Squirrels in the Loft
So often my writing at 3 a.m. on Wednesday mornings is from the hub of juxtaposition. I perch criss-crossed atop the intersection of a funky fence that spikes out from under me in many directions. On a slowly spinning Lazy Susan, I see a myriad of uneven angles resembling those created by cow-path meandering streets of my neighborhood. They make no Midwest-grid sense but perfect early-New-England-get-your-cow-to-the-common-in-the-most-direct-route-from-your-barn sense. And this morning on my spin: squirrels. Down the fence lines, I'm juxtaposed by the sights. My barn. The farm in Iowa. The scope of a .22. The tree tunneled electric wire highway to the big chewed away corner of my barn. The sweet animals playing in the winter snow. The lack of squirrel nests in my maple trees. My barn in flames. (That didn't happen. That is from a futuristic vantage point.) The Chevy Chase movie scene with a squirrel adhered to his face. Opening my email using software titled "Squirrel Mail." The rodents that are anything but sweet.
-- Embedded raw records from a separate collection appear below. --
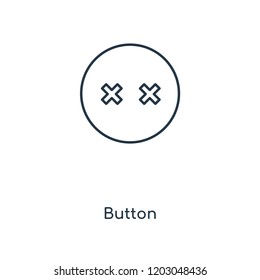 Button concept line icon. Linear Button concept outline symbol design. This simple element illustration can be used for web and mobile UI/UX.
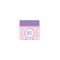Pink, White & Purple Damask 8x8 - Canvas Print - Front View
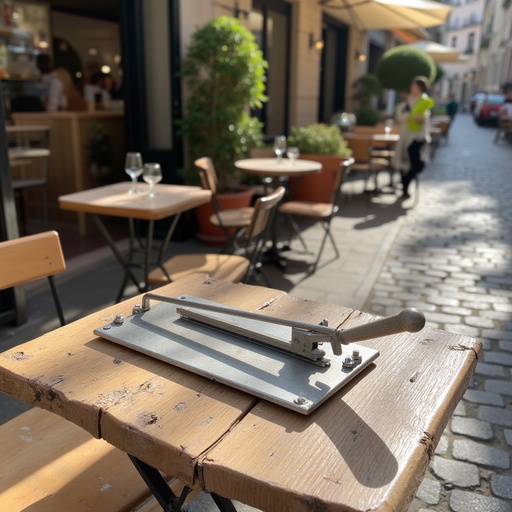 French café terrace - 무료 다운로드 가능한 Outdoor setting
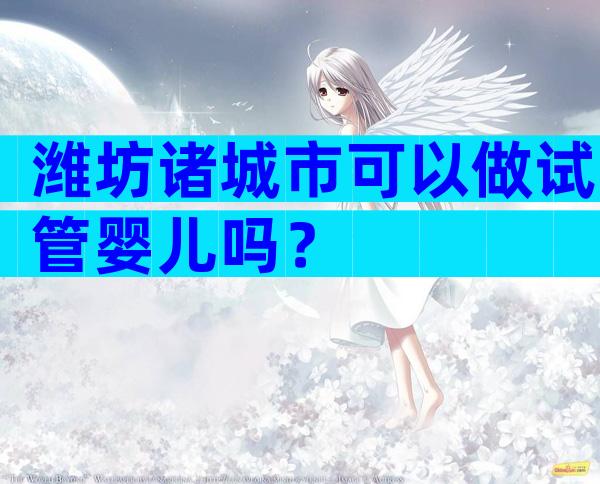 潍坊诸城市可以做试管婴儿吗？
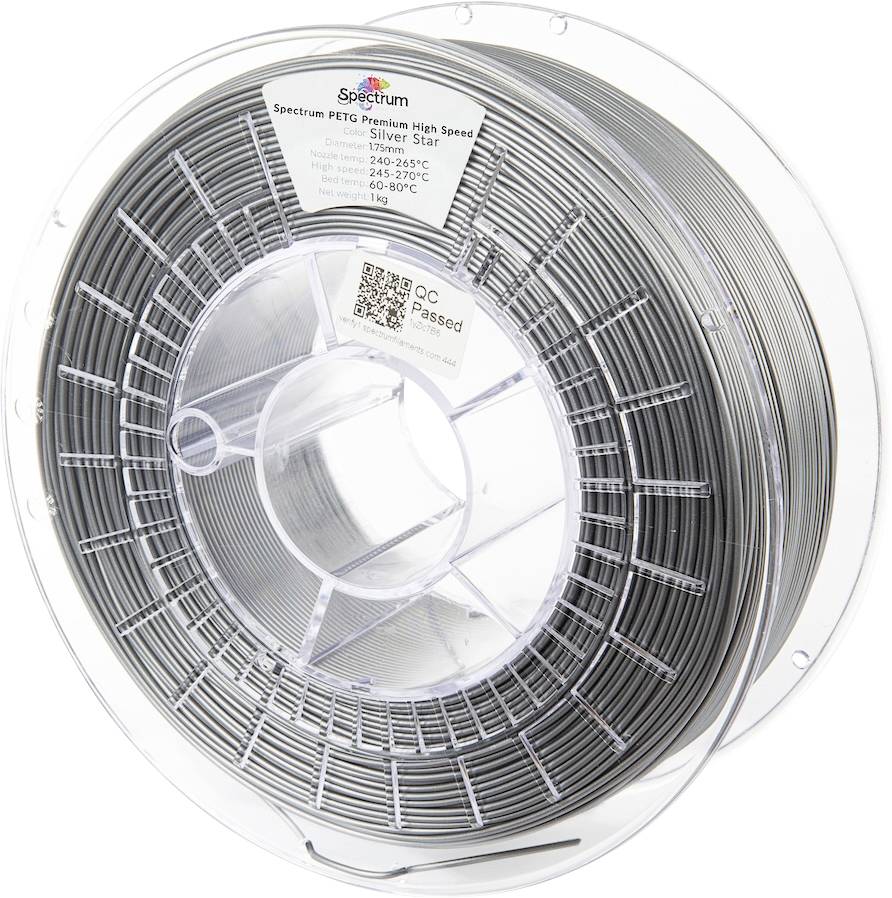 Spectrum Filaments 81540 PETG Premium High Speed 3D-skrivare Filament PETG Highspeed-filament, kemiskt beständig 1.75 mm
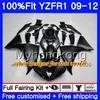 야마하 용 YZF 1000 R 1 YZF-1000 YZFR1 09 10 11 12 241HM.12 YZF R1 YZF1000 오렌지색 핫 YZF-R1 2009 2010 2011 2012 페어링 키트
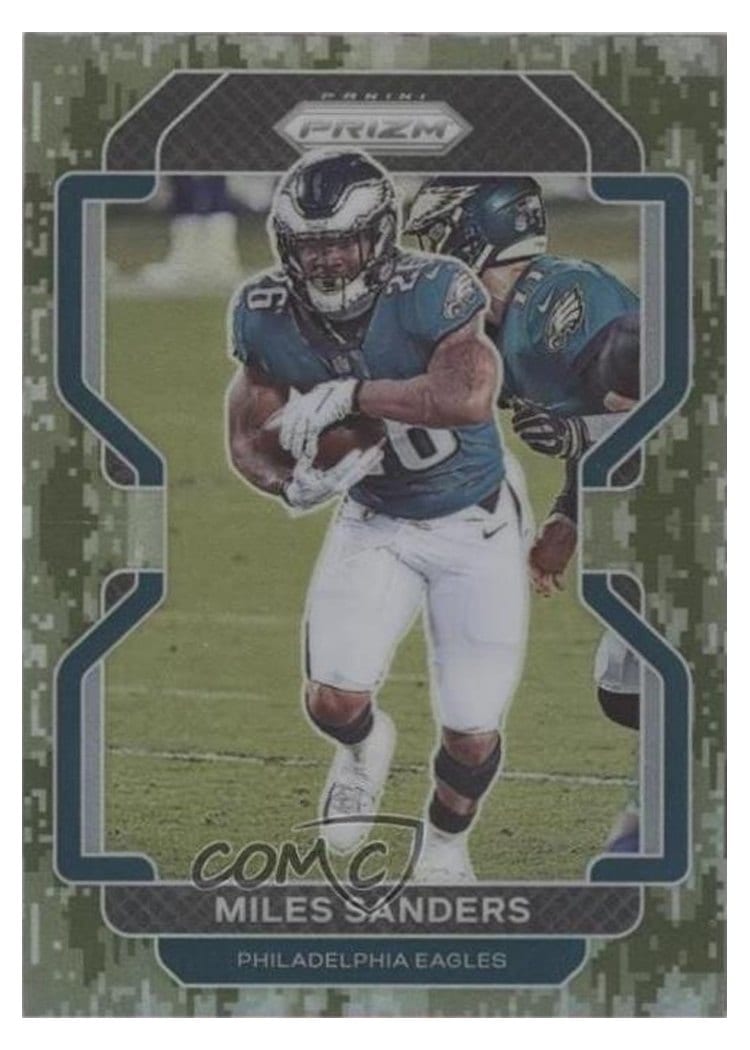 2021 Panini Prizm Base Set Miles Sanders #222 card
Merely rats with bushy tails.
All these have culminated with the necessary action of squirrel removal from a place that isn't rural to most, but with so many trees is rural to some. A place I call the city, but a place a friend who lives nearer to "the city" refers to as "not the city." A place where squirrel removal doesn't involve my brother's .22, but rather a live trap set by a 3rd party. A man who has a no-nonsense kind of tone to his work. "The radio in the loft won't do anything, unless you want to teach the squirrels to dance." From the state of the pulled down insulation in the barn loft, there were a few too many squirrel dance parties before I even set the radio up.
There are times one must throw money at a situation for it to go away. Tax time. Squirrel time. Forget who you are, where you grew up, or who you know near and far. Call the tree man and call the squirrel man. For we aren't in a timber where we can fell a tree with two people and a chainsaw nor do we have weapons in our home.
Perhaps after this when the dreams stop and the fear of the back corner of the loft subsides, we will take some well-deserved time off. It will be a stay-cation at our own squirrel-free property. The money for the vacation went out with the squirrels and down with the trees.